Surely they were going to kill me. How could they not?
The first set of phone-recording equipment that the FBI brought to Jim Carroll's North Carolina home didn't work. A second set, shipped in from the Charlotte office, didn't work either. Eventually, agents assigned to the Jill Carroll case got the standard wiretap electronics in place.
From the beginning, the FBI identified Jim as someone who could handle hostage negotiations. He received rudimentary training in what to do if contacted: Keep talking, keep them on the phone, try to set a time for a call back.
But no one was sure which numbers Jill would remember and pass along to her jailers. So taps were readied for a number of phones. If the kidnappers called, the FBI would use the recording to try to identify them and their location.
In Baghdad, Monitor staff writer Scott Peterson put a piece of climbing tape on one of his phones, and drew on it a green eye, to remind him which line the government was watching. He and staff writer Dan Murphy were pursuing their own leads with Iraqi sources and seeking the help of Sunni politicians known to have insurgent contacts.
Between them, Messrs. Peterson and Murphy could draw on decades of experience working in dangerous environments. As a reporter and photographer, Peterson's hot-spot assignments stretched from Angola to Afghanistan. In 1993, he took a machete blow to the head from a mob that killed four journalists in Somalia. Later, he was one of the very few correspondents to enter the Rwandan capital, Kigali, when the genocide began.
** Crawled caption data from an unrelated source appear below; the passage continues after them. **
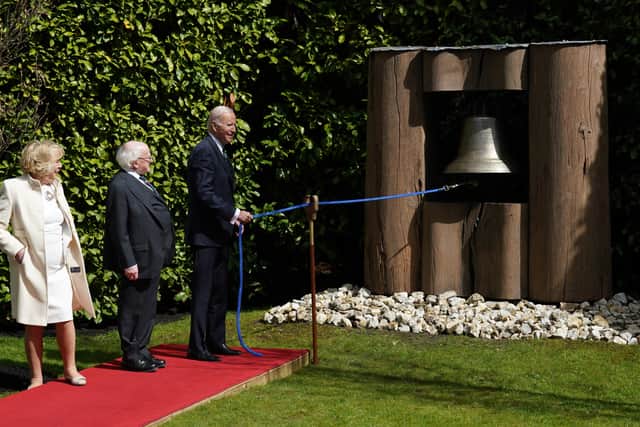 Shortly afterwards Mr Biden rang the Peace Bell – which had been unveiled in the grounds in 2008 to mark the 10th anniversary of the Good Friday Agreement.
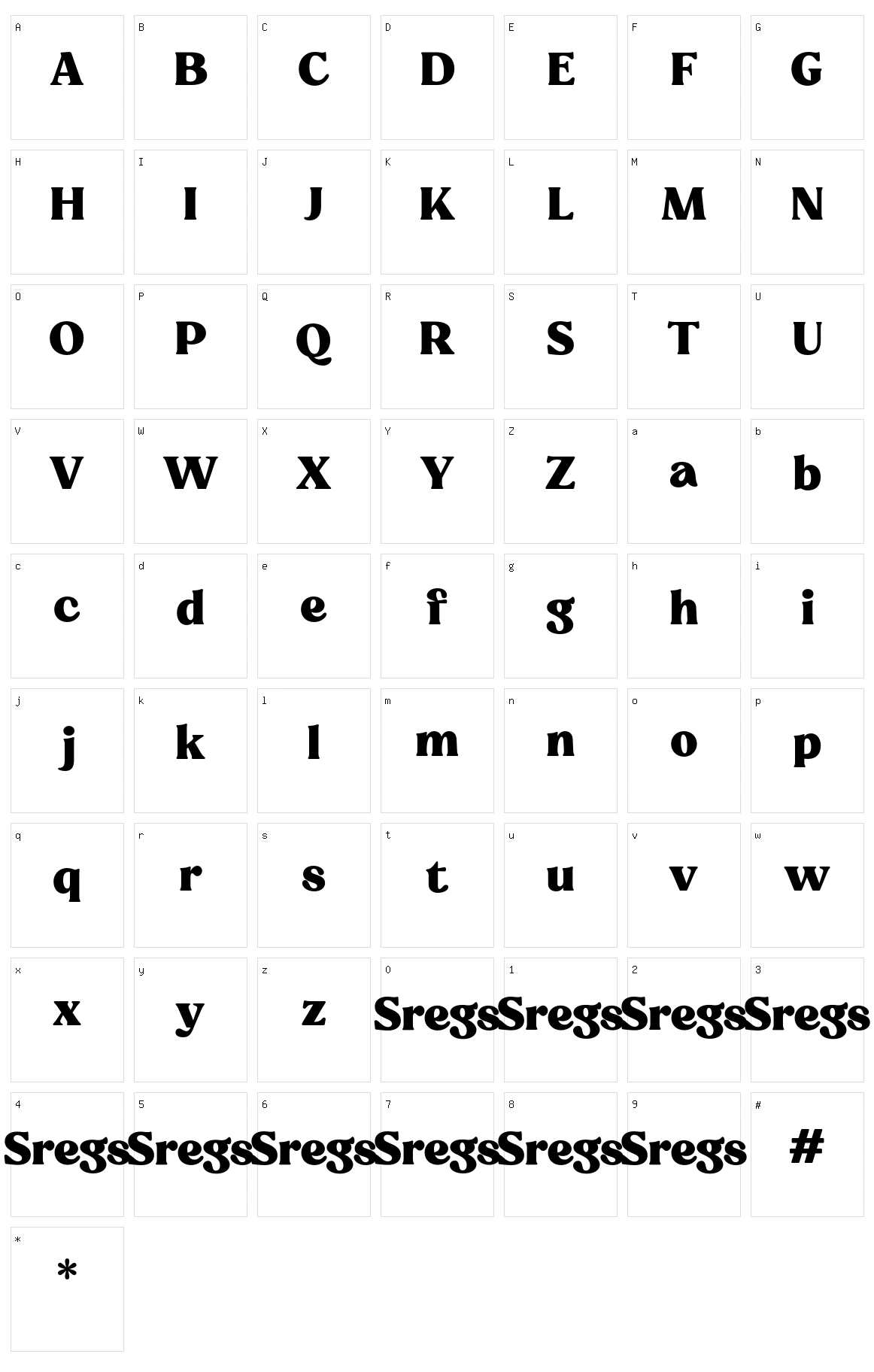 Sregs Serif Display Character Set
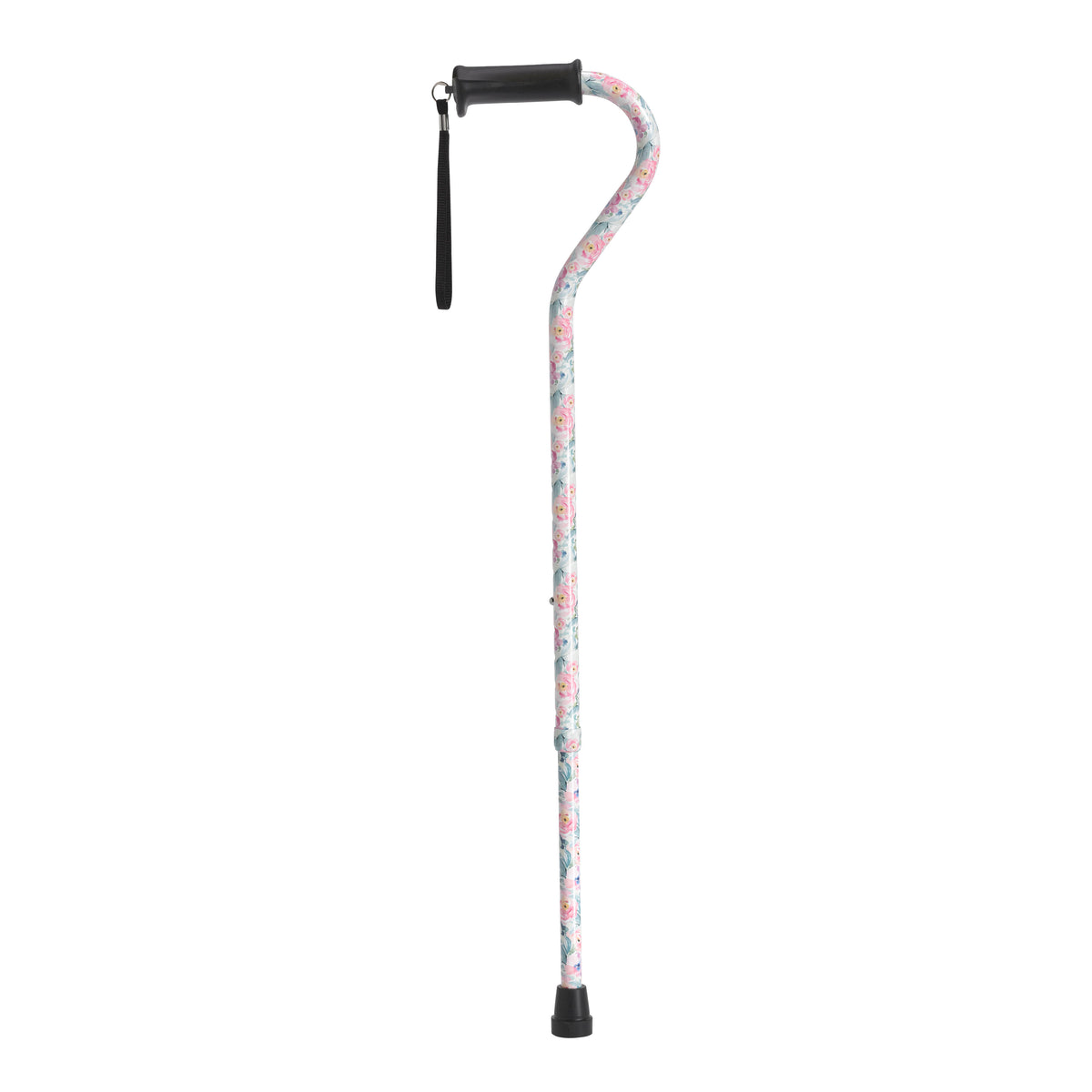 Adjustable Black Gel Handle Walking Stick 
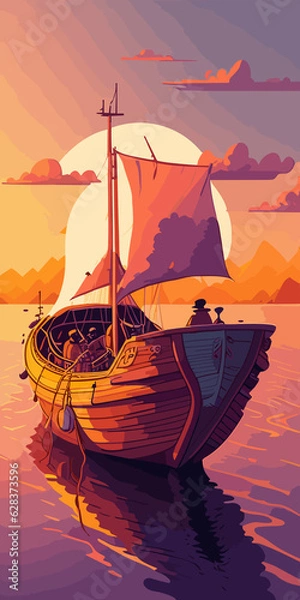 Fototapeta A boat floating on top of a body of water under a night sky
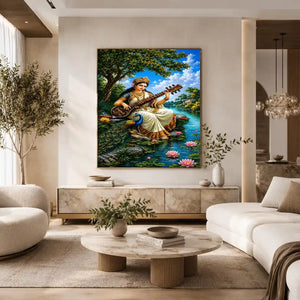 saraswati goddess music canvas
Murphy lived for 10 years in Indonesia, where he covered sectarian violence and became one of the world's experts on Al Qaeda's operations in Southeast Asia. In Baghdad, he'd been one of Jill's mentors.
Meanwhile, back in the US, the Monitor enlisted the help of Faye Bowers, a recently retired Washington correspondent with extensive contacts in the dark world of intelligence. She had been instrumental in the negotiations to release Monitor reporter David Rohde, who was jailed by Bosnian Serbs for 10 days in 1995 and won a Pulitzer for stories revealing the first evidence of the Srebrenica massacre.
At Ms. Bowers's request, US officials also contacted important Sunnis in Iraq, and pushed them to do all they could to secure Jill's release. Jordanian and European officials, particularly the Germans, provided context about their own efforts to free hostages in Iraq. And an army of Bowers's contacts, many of them ex-spies, scrolled through their memories, searching for old friends and contacts in the Arab world who might help.
At the beginning of my ordeal, I had hoped my kidnappers were amateurs who wouldn't really know what to do with me and would start to get very nervous after a few days. Then they'd let me go.
I knew they were Iraqis, which was good. It was the foreign-born insurgents – such as Abu Musab al-Zarqawi, who beheaded hostages.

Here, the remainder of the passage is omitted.